## EXERCISE BRIEF
For the data below, restate word for word only the lines from the line containing "Bicicleta mondraker podium" through the line containing "The North Face", both ends included.

## SUPPLIED MATERIAL
# # # #

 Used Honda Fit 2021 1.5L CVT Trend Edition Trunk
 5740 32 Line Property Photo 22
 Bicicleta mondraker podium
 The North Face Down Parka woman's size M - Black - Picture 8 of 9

# # # #

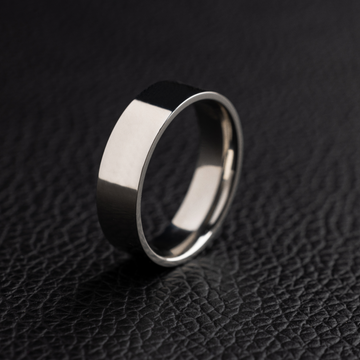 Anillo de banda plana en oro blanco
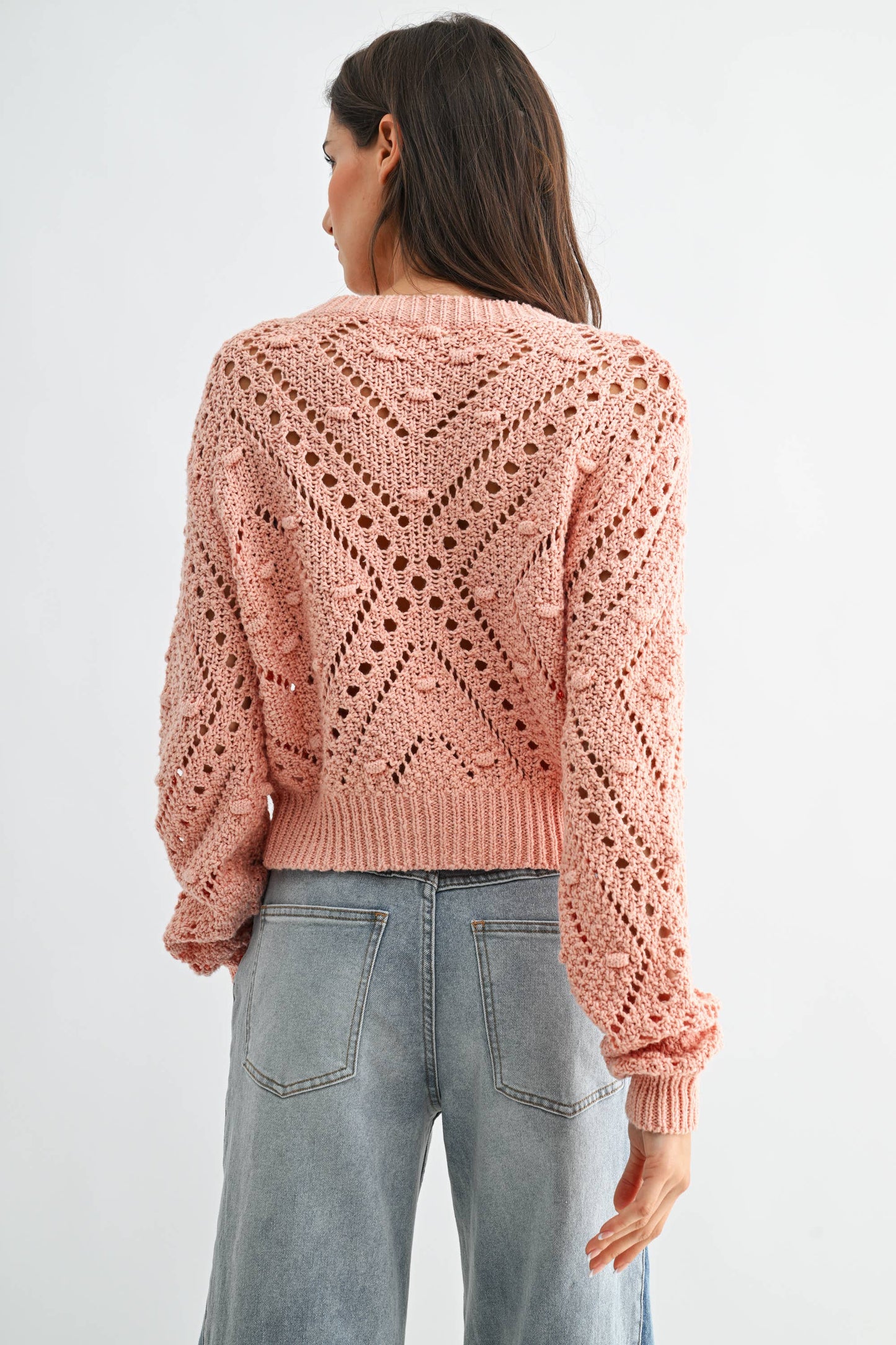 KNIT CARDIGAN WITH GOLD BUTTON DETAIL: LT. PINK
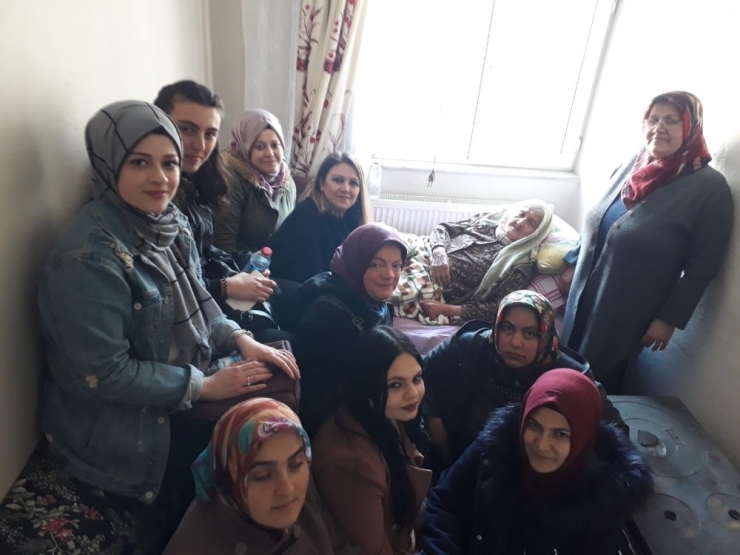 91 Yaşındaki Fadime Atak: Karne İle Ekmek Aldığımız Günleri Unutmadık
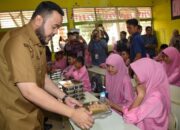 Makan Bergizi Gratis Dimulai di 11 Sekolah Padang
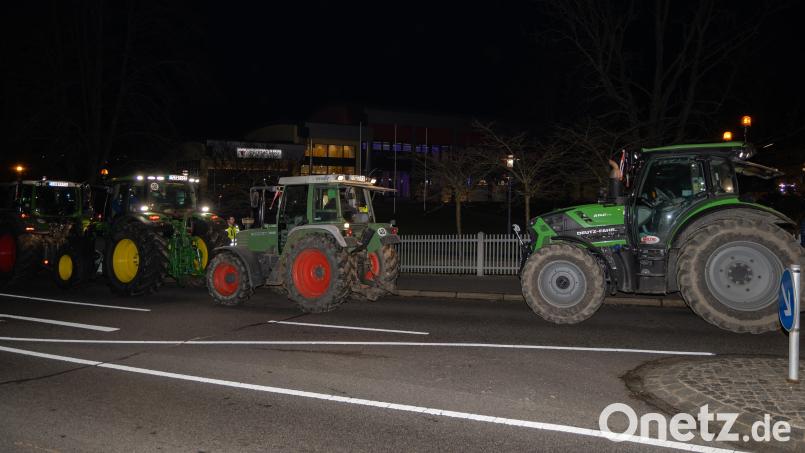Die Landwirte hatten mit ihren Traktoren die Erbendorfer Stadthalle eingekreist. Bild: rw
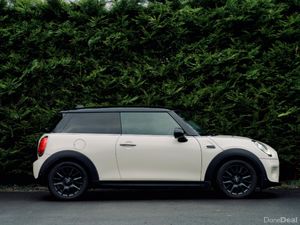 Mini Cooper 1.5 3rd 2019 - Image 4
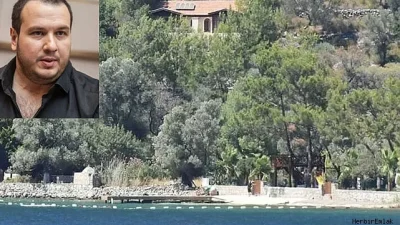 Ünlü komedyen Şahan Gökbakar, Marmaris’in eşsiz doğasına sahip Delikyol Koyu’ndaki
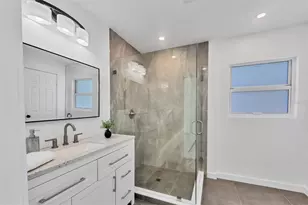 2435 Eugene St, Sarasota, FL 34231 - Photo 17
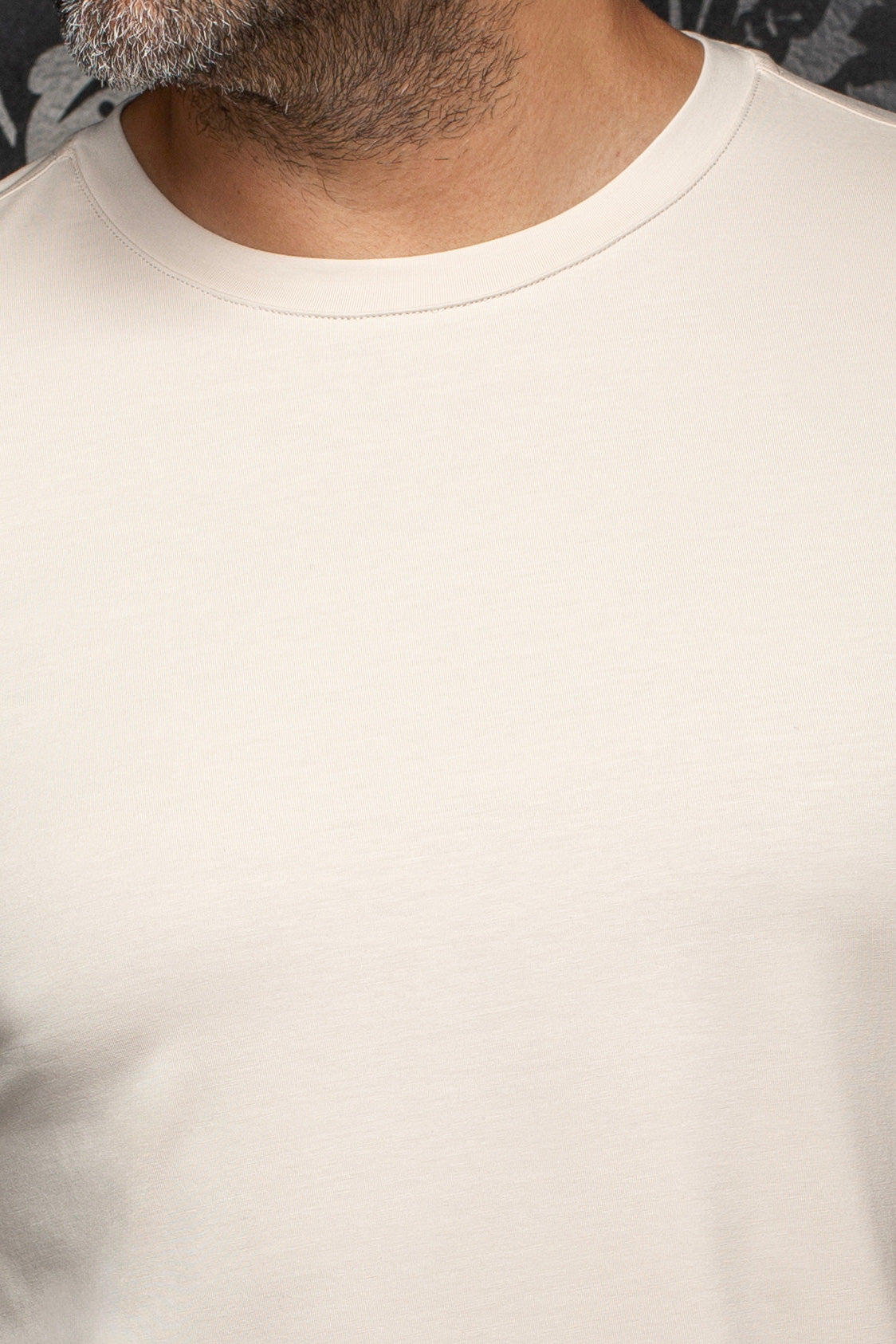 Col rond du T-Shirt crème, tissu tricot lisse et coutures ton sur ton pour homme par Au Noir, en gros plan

# # # #

## WORKED SOLUTION
 Bicicleta mondraker podium
 The North Face Down Parka woman's size M - Black - Picture 8 of 9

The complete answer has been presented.